Peace Is Not the Absence of Conflict.
There is no strife in a cemetery, but that is not peace. It takes more than a grave marker to bring peace to a troubled soul.
When the Bible uses the word “peace,” it is a positive word. Old Testament Jews greeted one another with the word shalom, which means “peace.” When you meet somebody and say shalom, that infers there is something good and wonderful that is happening.
Peace Is a Right Relationship
Peace is a right relationship with God. This peace leads to right relationship with yourself, and guides you into a right relationship with other people. That is peace. It is a sense of well-being, and it is the result and fruit of righteousness.
Only the Righteous Are Peacekeepers
If you get nothing else from this article, you need to see that righteousness and peace are linked.
If you are an unrighteous person, you can never have peace. The only way you can have peace is to have righteousness.

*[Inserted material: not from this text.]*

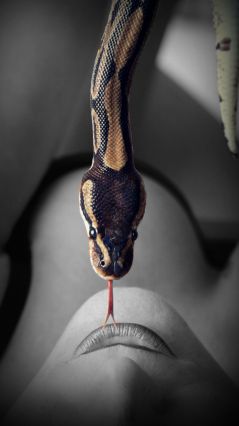 Змея у женских губ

The Beatitudes in the Sermon on the Mount build on each other. And what was the one right before this seventh beatitude? “Blessed are the pure in heart, for they shall see God” (Matthew 5:8). There is no peace without purity. Those who are not children of God cannot be peacemakers.
“Mercy and truth have met together; righteousness and peace have kissed” (Psalm 85:10).

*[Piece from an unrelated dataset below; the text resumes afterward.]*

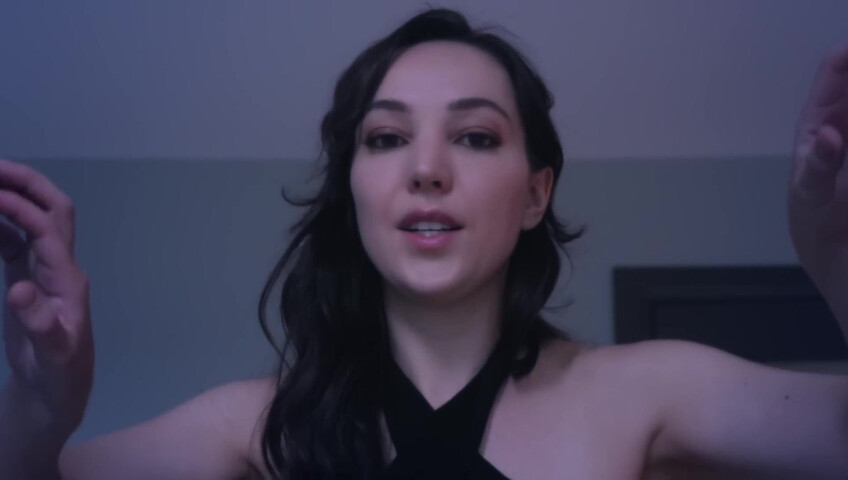 La tua ragazza ti fa un ASMR delicato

Peace is the righteousness of God ruling and reigning in your heart.
The Enemy of the Peacemakers
If peace is linked with righteousness, then lack of peace is always rooted in sin. “‘There is no peace,’ says my God, ‘for the wicked’” (Isaiah 57:21).
Sin separates men from God. It separates men from men. It brings inner turmoil. But this world of conflict has no idea how to solve it. “For they have healed the hurt of the daughter of My people slightly, saying, ‘Peace, peace!’ when there is no peace” (Jeremiah 8:11). People try to give a false peace, instead of acknowledging the peace of Christ. These people are yelling, “Peace!” yet they cannot even blush over their own sins.

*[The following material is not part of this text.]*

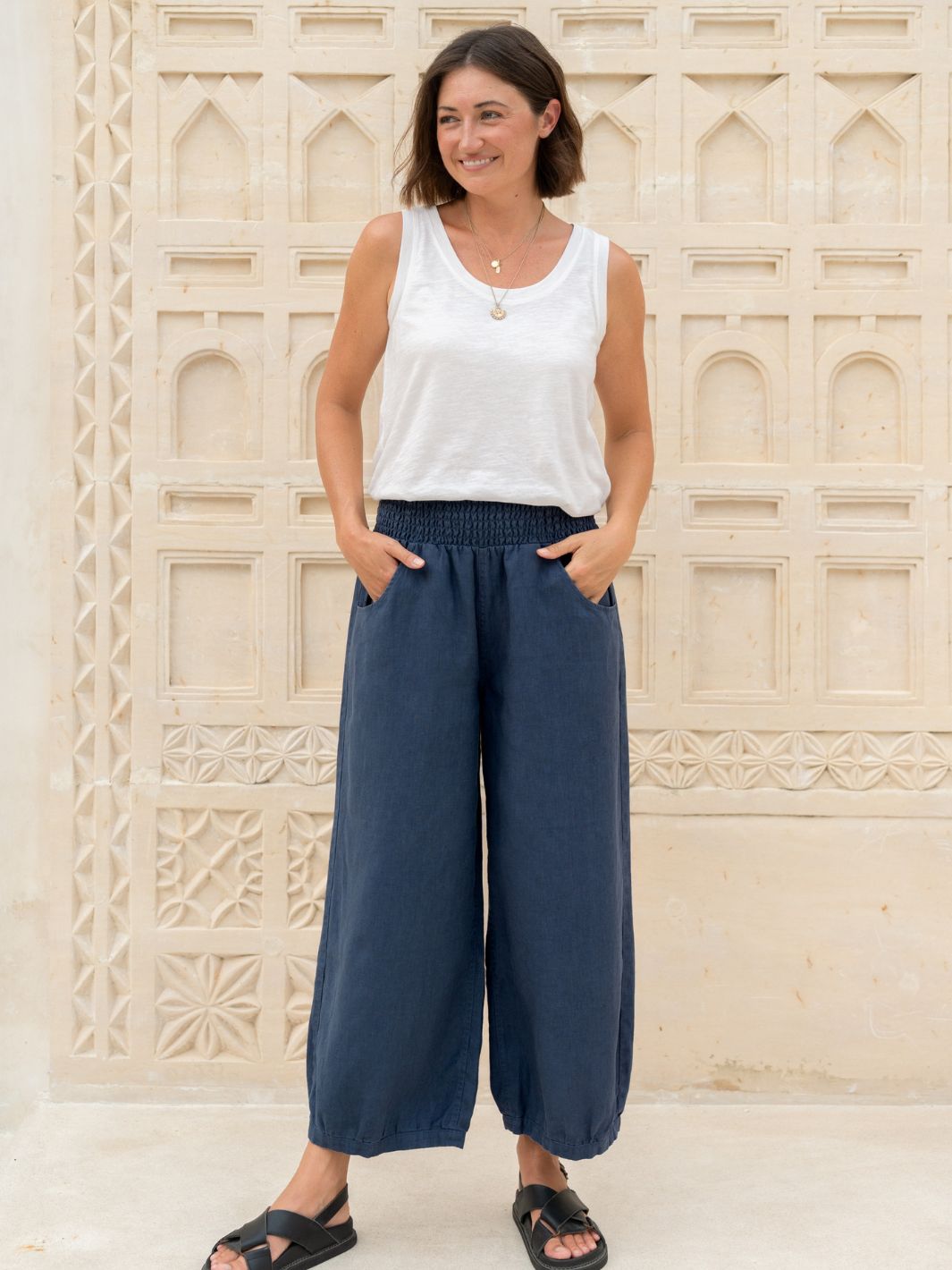 Pantalón Sadhu de Lino Francés Azul Marino - BELLAVERA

Christ, the True Peacemaker
One of the strangest declarations that ever fell from the lips of Jesus, the Prince of Peace, is this:
Do not think that I came to bring peace on earth. I did not come to bring peace but a sword (Matthew 10:34).
When Christ was born, the angels said, "On earth peace, goodwill toward men!” (Luke 2:14b) And this seventh Beatitude says: “Blessed are the peacemakers, for they shall be called sons of God” (Matthew 5:9). Yet Jesus says above that He cam to bring a sword. What is He talking about?
Christ did not come to bring a false peace, some amalgamation of good and evil. He came with a sword to put a line of demarcation between truth and error, between light and dark, between sin and righteousness.
When God's standard of righteousness is set, there will always be a division.
Without righteousness, there can be no godly peace.
And there can never be righteousness or peace without first a surrender to the lordship of Jesus Christ.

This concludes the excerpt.